Top of DATA SUPPLIED

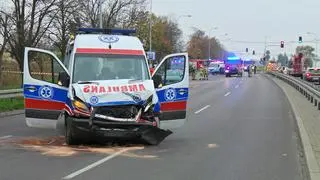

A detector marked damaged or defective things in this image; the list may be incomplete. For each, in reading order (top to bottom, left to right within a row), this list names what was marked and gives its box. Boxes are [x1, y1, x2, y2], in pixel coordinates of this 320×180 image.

damaged ambulance [24, 28, 190, 146]
crumpled front bumper [70, 117, 172, 146]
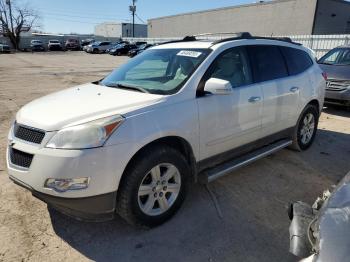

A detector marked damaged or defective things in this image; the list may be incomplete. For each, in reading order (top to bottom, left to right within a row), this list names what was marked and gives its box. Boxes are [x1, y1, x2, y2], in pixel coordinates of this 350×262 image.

damaged hood [15, 83, 163, 130]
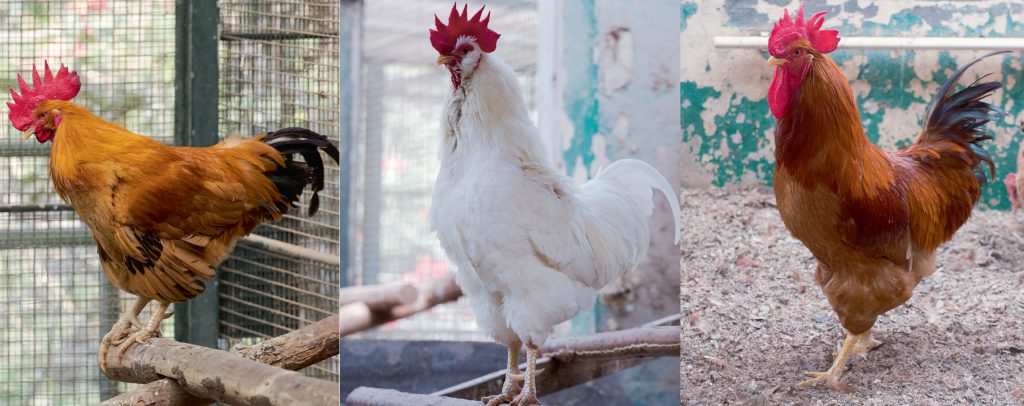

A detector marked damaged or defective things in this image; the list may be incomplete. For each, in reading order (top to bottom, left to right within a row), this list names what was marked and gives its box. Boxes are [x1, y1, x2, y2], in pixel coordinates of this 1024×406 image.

peeling paint wall [680, 0, 1024, 209]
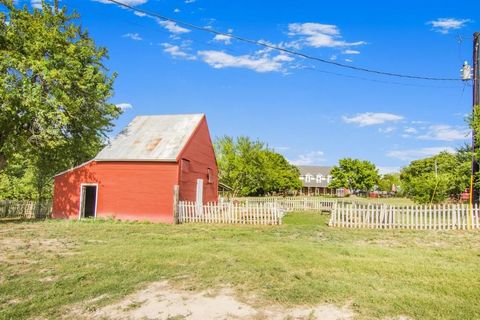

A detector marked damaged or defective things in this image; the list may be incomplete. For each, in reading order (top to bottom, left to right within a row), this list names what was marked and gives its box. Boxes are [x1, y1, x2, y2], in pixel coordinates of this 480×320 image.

rusty corrugated roof [95, 114, 204, 161]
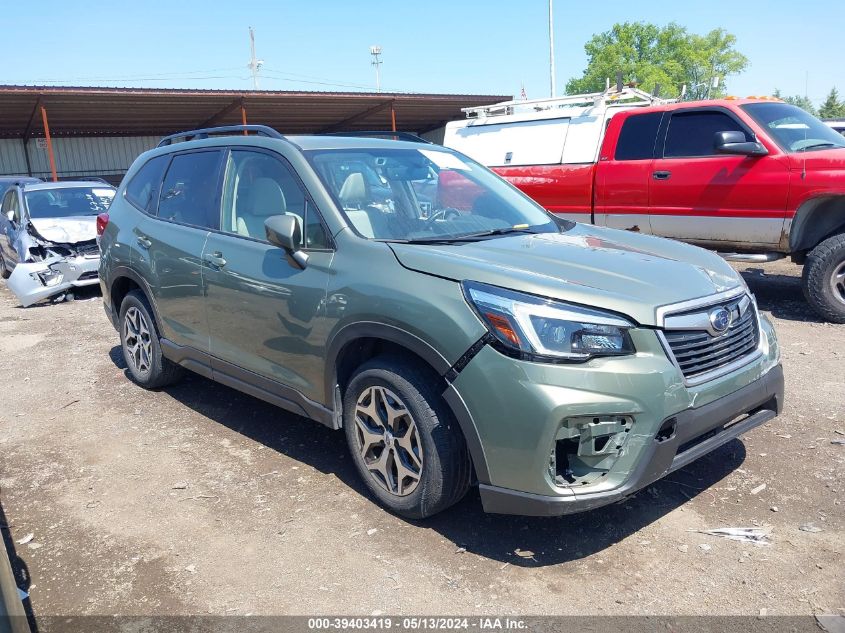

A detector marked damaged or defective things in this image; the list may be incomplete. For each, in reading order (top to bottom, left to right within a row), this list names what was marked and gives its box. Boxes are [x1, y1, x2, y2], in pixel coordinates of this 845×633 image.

damaged front bumper [7, 254, 99, 308]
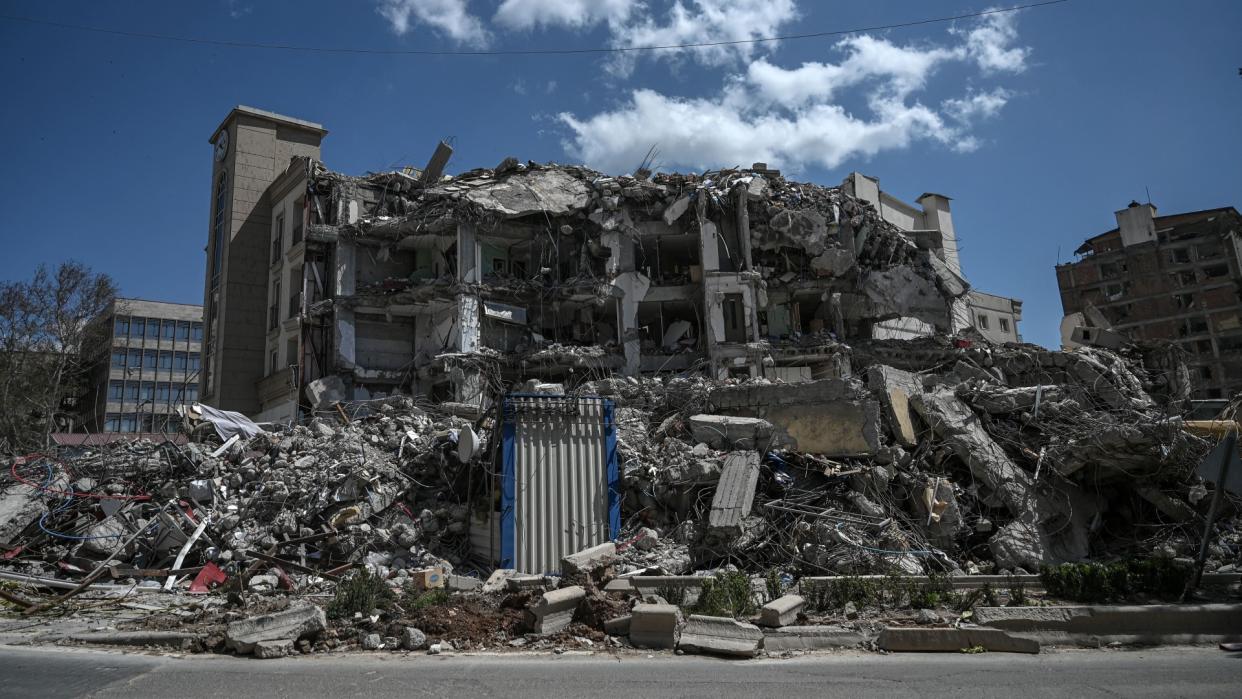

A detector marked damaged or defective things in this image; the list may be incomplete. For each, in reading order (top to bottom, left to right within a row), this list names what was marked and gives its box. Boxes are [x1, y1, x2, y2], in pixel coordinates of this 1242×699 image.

broken concrete slab [695, 412, 770, 451]
broken concrete slab [715, 454, 760, 531]
broken concrete slab [224, 608, 327, 655]
broken concrete slab [524, 586, 581, 635]
broken concrete slab [630, 600, 680, 650]
broken concrete slab [675, 618, 760, 655]
broken concrete slab [755, 595, 804, 628]
broken concrete slab [874, 625, 1038, 655]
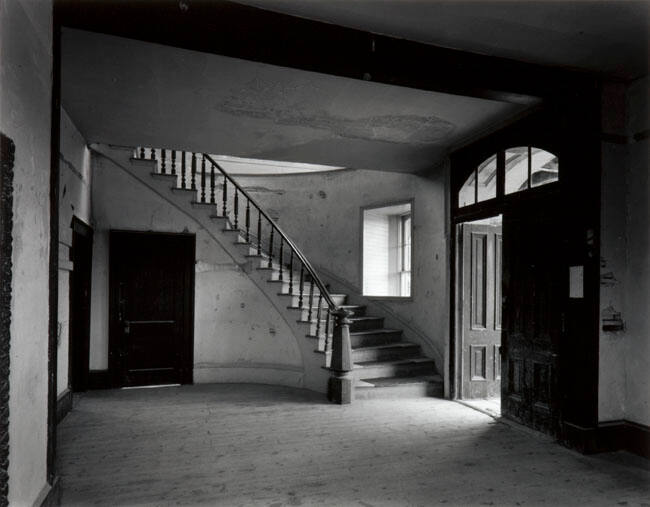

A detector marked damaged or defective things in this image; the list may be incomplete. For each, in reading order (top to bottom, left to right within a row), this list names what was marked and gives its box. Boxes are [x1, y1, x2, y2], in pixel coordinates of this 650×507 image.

peeling plaster ceiling [60, 28, 528, 175]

Bottom of DATA SUPPLIED

All of the data must be repeated exactly, except for the pictures.

A detector marked damaged or defective things in this image; the list may be incomplete. For each, in reading order (top to bottom, left to right within a row), this list names what was marked and gives its box. Boxes are [x1, y1, x2, y2], in pixel coordinates of this 320×180 image.

damaged ambulance [24, 28, 190, 146]
crumpled front bumper [70, 117, 172, 146]

A detector marked damaged or defective things in this image; the list may be incomplete. For each, in reading order (top to bottom, left to right within a row), this list names what was marked and gives its box. Boxes are [x1, y1, x2, y2], in pixel coordinates of this 350×262 image.

damaged hood [15, 83, 163, 130]

A detector marked damaged or defective things in this image; the list may be incomplete. For each, in reading order (top to bottom, left to right within a row), this list names what was marked and gives its box. Boxes are [x1, y1, x2, y2], in pixel coordinates of this 1024×406 image.

peeling paint wall [680, 0, 1024, 209]

A detector marked damaged or defective things in this image; the list may be incomplete. For each, in reading order (top to bottom, left to right within a row), this list names what was marked and gives its box. Boxes are [x1, y1, x2, y2], in pixel coordinates of this 480×320 image.

rusty corrugated roof [95, 114, 204, 161]

A detector marked damaged or defective things in this image; the list may be incomplete. For each, in reading order (top to bottom, left to right within a row), this list names what was marked and gives its box. Boxes are [x1, y1, x2, y2], in pixel coordinates of this 845×633 image.

damaged front bumper [7, 254, 99, 308]

A detector marked damaged or defective things in this image; the list may be incomplete. For each, in reading order (top to bottom, left to right within a row), this list names what was marked and gives its box. Boxes are [x1, y1, x2, y2], in pixel coordinates of this 1242×699 image.

broken concrete slab [695, 412, 770, 451]
broken concrete slab [715, 454, 760, 531]
broken concrete slab [224, 608, 327, 655]
broken concrete slab [524, 586, 581, 635]
broken concrete slab [630, 600, 680, 650]
broken concrete slab [675, 618, 760, 655]
broken concrete slab [755, 595, 804, 628]
broken concrete slab [874, 625, 1038, 655]

A detector marked damaged or defective things in this image; the list may be incomplete. For each, in reading order (top to bottom, left to right within a row), this list names what was marked and gives its box. Boxes are [x1, y1, x2, y2], in pixel coordinates of this 650×507 image.

peeling plaster ceiling [60, 28, 528, 175]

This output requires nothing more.